A. No recent case of this kind has occurred but, from some former ones, it is deduced that the Suprema was consulted.
Q. Have those who established themselves in Spain, in virtue of the royal order of 1791, complied with the formalities which it prescribes?
A. As no advice has been sent to this tribunal by the Junta del Comercio y Moneda, nor by the Intendente of the kingdom, it is inferred that no non-Catholic artists have established themselves, or else that the prescription to advise the tribunal has not been obeyed.
Q. Whether they (non-Catholic foreigners) contract marriage with Catholics and, in that case, what is the religion of the children?
A. But one case of such marriage is known—that of Juan Foch, a German of Lindau, who called himself a travelling merchant, with Bernarda María Pellicer of this city. This was in virtue of a papal brief, passed by the Council of Castile and with the royal exequatur, providing that he should allow his wife to remain a Catholic and his children to be brought up in the same faith, and she promising to persuade him to conversion. They were married privately, outside of the church and without banns or other public ceremonies. We learn from the Vicar of Los Santos Juanes, where they live, that they cause no scandal, comply with the obligations and that a boy has been baptized.
Q. Since the royal order, about how many non-Catholic strangers have established themselves, naming some of the principal ones and their nation or sect?
A. This could be answered only by examining the registers required to be kept by the captain-general and royal justicias. This tribunal can only have notice by denunciations, which has occurred only with Foch.

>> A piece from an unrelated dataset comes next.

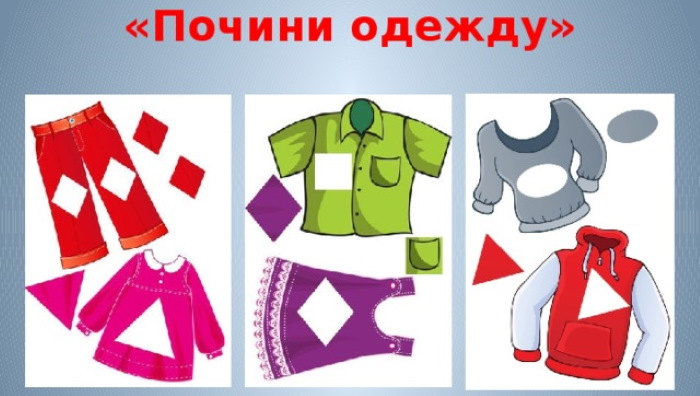 Подготовительные занятия для будущих первоклассников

Q. How many autillos públicos have been held with strangers since 1759 when Carlos III ascended the throne? State the name, country, religion and principal offences.
A. Since 1759 there has been no autillo público for strangers.[1266]
This document has interest not only as showing the continued vigilance as to foreign heretics, but as indicating how thoroughly successful had been the policy of exclusion. The district of the tribunal embraced a long stretch of sea-coast, including such commercial cities as Valencia and Alicante, yet the non-Catholic stranger was still almost unknown, as he had been when the report of 1785 was made. Spain was a land to be shunned by all who were liable to be dealt with by the Inquisition, and it was left to its isolation. For those who ventured it, concealment of heresy was worse than its avowal. David Bonoran, a French Protestant, domiciled in Bilbao, succeeded in passing as a good Catholic. Becoming converted, he applied to the tribunal of Logroño to abjure his errors and be incorporated in the Church, when, in 1791, he was promptly prosecuted for having feigned Catholicism.[1267]